Viceversa non ci sono stati dubbi, alla recita del 20 opportunamente scelta per il cast che ha toccato l’eccellenza, sul versante musicale. Iniziando dalla direzione incalzante ed a tratti anche giustamente ed opportunamente “quarantottesca” dell’ottimo Maestro valenciano Jordi Bernacer, già apprezzato in Arena in Aida.

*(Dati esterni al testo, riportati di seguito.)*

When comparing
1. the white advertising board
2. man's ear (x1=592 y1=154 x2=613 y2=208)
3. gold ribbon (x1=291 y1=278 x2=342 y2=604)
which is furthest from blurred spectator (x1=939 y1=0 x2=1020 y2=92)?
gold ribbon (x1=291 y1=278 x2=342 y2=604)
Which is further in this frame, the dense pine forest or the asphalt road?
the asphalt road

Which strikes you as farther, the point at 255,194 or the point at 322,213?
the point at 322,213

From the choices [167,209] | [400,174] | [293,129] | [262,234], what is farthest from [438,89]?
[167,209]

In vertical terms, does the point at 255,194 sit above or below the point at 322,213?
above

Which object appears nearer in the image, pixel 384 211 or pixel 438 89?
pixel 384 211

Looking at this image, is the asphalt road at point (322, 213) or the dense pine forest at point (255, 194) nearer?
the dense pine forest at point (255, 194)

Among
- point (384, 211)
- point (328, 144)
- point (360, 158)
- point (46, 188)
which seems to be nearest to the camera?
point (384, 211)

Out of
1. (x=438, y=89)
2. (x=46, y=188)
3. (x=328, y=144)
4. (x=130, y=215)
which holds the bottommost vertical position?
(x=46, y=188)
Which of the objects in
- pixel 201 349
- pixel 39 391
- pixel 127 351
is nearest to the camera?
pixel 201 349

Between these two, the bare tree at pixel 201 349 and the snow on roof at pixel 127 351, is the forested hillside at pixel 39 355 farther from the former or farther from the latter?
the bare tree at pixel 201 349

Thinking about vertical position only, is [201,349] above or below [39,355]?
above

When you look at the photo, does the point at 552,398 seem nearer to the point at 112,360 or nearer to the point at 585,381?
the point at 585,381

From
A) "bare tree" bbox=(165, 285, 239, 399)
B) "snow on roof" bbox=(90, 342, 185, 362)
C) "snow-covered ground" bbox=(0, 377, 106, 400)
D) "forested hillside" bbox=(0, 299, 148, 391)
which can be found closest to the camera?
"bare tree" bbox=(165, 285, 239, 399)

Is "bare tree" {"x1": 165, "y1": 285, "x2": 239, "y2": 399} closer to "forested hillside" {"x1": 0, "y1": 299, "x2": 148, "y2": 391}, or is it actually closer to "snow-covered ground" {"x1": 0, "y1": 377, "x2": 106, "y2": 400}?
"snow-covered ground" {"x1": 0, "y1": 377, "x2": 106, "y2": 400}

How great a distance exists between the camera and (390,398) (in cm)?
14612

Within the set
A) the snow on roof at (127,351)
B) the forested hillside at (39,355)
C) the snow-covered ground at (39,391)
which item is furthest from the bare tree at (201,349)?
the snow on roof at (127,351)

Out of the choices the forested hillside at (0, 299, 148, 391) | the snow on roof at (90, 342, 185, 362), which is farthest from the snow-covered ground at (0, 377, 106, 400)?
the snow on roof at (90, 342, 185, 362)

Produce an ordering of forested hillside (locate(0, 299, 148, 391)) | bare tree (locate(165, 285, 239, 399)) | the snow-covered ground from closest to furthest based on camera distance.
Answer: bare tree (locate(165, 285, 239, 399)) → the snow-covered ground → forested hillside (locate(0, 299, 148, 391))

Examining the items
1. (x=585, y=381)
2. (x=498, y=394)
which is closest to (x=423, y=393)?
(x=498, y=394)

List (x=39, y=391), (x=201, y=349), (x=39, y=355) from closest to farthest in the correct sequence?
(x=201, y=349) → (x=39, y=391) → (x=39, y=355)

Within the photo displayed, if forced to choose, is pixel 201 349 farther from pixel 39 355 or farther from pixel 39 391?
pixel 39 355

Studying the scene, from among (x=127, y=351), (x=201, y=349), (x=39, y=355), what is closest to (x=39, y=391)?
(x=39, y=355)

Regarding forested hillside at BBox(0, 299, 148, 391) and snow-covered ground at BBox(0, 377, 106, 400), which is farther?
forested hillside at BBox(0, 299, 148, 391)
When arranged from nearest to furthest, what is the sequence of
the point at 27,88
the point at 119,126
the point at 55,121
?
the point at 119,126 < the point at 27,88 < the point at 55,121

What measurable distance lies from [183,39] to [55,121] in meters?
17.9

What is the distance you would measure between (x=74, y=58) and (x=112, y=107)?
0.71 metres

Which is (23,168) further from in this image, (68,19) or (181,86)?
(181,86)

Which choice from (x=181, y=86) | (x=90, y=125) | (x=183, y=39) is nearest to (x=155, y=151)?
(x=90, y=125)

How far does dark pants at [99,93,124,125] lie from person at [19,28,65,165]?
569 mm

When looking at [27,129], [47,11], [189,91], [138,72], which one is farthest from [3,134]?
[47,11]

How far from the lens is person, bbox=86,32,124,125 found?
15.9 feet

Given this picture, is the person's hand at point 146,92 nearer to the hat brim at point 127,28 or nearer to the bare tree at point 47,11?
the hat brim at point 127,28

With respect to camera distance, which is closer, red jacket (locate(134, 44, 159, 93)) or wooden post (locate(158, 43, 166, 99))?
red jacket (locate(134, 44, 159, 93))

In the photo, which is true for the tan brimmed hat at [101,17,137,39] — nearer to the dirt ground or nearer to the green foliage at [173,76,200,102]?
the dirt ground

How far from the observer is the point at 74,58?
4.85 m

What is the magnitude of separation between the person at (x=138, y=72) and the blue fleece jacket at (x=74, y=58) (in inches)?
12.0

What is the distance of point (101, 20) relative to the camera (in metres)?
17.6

A capo dell’orchestra areniana non trascura il versante squisitamente nostalgico e dolente, che pure scaturisce più volte dalla gloriosa partitura e trova l’ispirazione sia nel celeberrimo coro, cantato stupendamente dagli artisti che lo compongono, diretti da Vito Lombardi, ma anche la tinta verdiana nel “Vieni o levita” e soprattutto in “Dio di Giuda”, momenti resi magici per la presnza di un cast praticamente perfetto.

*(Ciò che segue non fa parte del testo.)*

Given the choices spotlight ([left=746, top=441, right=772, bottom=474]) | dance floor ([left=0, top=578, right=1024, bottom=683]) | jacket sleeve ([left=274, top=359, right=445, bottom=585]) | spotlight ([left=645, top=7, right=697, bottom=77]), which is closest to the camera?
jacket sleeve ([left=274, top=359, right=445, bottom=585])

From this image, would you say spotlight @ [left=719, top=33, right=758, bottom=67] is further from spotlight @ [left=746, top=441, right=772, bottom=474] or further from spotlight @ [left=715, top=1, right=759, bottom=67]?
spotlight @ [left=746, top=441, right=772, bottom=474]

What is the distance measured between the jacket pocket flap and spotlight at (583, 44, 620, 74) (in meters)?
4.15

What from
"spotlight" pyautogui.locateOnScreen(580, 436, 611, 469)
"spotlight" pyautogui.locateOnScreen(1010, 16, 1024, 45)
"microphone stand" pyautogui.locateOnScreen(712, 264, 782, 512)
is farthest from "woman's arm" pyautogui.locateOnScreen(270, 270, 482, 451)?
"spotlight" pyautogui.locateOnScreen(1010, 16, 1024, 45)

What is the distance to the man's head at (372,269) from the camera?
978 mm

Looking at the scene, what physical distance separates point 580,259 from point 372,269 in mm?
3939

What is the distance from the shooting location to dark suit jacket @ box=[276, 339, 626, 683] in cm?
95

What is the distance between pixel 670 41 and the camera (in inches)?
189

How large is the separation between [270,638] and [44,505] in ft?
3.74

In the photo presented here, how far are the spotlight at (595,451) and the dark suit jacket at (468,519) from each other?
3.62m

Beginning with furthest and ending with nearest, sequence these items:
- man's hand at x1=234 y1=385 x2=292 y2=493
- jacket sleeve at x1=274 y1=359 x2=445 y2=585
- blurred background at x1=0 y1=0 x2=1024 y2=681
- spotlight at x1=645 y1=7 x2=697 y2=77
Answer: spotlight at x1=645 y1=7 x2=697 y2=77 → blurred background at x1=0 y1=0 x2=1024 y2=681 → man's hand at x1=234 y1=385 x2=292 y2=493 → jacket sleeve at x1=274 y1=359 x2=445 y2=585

Luciano Ganci, Ismaele, è da considerarsi un vero lusso: squillo e voce ben proiettata in una parte breve ed ingrata, ma proprio perciò intensa quando affidata ad un tenore di gran levatura. Così pure è piaciuto molto il basso Rafal Siwek, Zaccaria ieratico e dalla voce estesa, che ha subito l’incidente di vedersi il suo cantabile interrotto per la pioggia. Una piogerellina uggiosa che per ben due volte ha costretto a sospendere la recita, finita così alle due del mattino, ma che non ha fiaccato né gli artisti né la maggior parte del pubblico, che ha pazientemente resistito fino alla fine e così ha potuto godere di un protagonista di livello assoluto, il baritono mongolo Amartuvshin Enkhbat. Ne abbiamo già parlato in occasione del suo debutto di ruolo al Teatro Coccia di Novara pochi mesi fa, procurando anche ascolti radiofonici. All’aperto, in Arena, la sua voce si espande con immutata morbidezza e con ricchezza di armonici, ma ciò che stupisce, ancora e sempre, è la proprietà del fraseggio e l’incisività dell’accento, in un italiano perfetto. Musicalmente inappuntabile, sia nell’uso esemplare del legato che nel dominare le dinamiche ad ogni livello, cantando con inconsueta nobiltà un ruolo che, specie in recite all’aperto, potrebbe portare all’eccesso. Bravo, bravissimo. E Brava bravissima anche l’Abigaille di Rebeka Lokar, pure ascoltata a Novara nella stessa parte. La sicurezza nell’acuto, che si spinge fino al Mi bemollle nella chiusa del duetto con Nabucco al terzo atto, fa corona ad una cantabilità ampia, sostenuta idealmente dal fiato dall’uso di mezze voci e di una tavolozza ricca di colori. L’aria che inizia il secondo atto, “Anch’io dischiuso un giorno”, ha suscitato un giusto e meritato lunghissimo applauso. Molto brava pure Géraldine Chauvet, Fenena dal piglio sopranile che ha dato opportuno risalto alla sua aria nel quarto atto.

Adeguati e bene in parte tutti gli altri: l’Anna di Elisabetta Rizzo, l’Abdallo di Roberto Covatta ed il Gran Sacerdote di Belo affidato al baritono triestino Nicolò Ceriani.